* _Task description_
One line at a time, check the entries below for the word "images", and copy each line that has it.

* _Records excerpted from a collection_
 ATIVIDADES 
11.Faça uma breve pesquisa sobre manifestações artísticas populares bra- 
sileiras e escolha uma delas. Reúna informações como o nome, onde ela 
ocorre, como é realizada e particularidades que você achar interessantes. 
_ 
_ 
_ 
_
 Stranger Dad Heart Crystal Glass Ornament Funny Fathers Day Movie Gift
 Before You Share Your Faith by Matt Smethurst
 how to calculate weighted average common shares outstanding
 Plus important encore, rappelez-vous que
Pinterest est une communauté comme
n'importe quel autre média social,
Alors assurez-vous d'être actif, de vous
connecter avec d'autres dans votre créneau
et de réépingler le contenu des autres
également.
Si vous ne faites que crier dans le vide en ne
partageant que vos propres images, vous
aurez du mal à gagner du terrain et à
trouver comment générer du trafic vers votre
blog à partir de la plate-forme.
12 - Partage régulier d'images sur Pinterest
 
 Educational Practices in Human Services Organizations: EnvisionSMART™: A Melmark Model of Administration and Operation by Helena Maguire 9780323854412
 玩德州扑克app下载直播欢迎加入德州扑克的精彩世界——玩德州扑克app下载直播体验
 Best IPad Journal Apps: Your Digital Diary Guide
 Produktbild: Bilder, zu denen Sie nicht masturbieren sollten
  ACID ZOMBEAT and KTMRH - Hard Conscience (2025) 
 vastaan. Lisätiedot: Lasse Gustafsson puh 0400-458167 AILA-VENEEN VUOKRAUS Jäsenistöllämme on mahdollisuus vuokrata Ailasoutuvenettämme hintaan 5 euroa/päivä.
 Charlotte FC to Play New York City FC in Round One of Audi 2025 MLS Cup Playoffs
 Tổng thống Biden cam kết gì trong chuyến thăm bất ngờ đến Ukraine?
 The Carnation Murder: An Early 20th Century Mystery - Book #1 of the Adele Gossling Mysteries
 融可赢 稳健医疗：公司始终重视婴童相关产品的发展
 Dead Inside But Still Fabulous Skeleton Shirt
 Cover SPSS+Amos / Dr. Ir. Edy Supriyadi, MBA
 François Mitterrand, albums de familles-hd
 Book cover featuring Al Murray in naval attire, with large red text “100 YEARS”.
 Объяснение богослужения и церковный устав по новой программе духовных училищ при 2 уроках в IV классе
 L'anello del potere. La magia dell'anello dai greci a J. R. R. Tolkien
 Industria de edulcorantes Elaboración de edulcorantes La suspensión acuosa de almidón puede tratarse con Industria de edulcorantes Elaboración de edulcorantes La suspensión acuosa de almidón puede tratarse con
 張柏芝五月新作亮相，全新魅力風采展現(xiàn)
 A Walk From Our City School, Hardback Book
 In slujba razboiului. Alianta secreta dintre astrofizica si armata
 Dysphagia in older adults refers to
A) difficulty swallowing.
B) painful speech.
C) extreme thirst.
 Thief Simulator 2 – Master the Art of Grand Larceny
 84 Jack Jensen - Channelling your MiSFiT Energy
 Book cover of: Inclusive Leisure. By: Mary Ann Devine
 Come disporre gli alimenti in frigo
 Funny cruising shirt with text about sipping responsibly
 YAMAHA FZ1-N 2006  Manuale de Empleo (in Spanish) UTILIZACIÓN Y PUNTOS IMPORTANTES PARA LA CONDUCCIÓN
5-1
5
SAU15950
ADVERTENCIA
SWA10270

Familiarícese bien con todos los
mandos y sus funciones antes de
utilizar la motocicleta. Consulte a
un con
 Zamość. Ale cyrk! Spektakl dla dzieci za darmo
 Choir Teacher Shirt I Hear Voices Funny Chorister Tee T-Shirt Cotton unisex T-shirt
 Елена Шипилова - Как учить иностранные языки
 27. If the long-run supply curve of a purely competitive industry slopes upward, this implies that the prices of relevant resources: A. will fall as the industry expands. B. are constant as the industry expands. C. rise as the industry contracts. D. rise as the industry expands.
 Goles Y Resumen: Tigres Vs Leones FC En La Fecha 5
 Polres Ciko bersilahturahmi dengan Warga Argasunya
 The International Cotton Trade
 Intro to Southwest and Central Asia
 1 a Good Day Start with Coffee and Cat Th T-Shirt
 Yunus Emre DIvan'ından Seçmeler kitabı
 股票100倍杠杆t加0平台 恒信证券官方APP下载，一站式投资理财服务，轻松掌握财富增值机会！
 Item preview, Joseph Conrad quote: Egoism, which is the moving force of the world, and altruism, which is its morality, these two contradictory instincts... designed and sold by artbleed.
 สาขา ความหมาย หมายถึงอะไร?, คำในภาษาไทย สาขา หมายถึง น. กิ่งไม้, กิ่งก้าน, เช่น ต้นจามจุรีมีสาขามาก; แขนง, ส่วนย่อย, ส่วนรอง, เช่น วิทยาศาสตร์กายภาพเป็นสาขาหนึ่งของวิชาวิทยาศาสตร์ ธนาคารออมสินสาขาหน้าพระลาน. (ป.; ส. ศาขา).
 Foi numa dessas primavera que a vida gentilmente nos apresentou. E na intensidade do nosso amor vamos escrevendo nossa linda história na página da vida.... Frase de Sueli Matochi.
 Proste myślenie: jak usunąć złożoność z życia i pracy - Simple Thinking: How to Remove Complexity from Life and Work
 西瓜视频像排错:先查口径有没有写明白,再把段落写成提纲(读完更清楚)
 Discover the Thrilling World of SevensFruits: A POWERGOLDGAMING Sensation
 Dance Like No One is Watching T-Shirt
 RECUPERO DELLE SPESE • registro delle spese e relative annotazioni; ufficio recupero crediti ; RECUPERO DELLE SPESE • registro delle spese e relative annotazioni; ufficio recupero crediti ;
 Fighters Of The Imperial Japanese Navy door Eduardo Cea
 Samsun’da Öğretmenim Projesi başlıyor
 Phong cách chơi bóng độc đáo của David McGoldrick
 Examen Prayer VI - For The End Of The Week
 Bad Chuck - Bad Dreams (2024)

* _Solution_
partageant que vos propres images, vous
12 - Partage régulier d'images sur Pinterest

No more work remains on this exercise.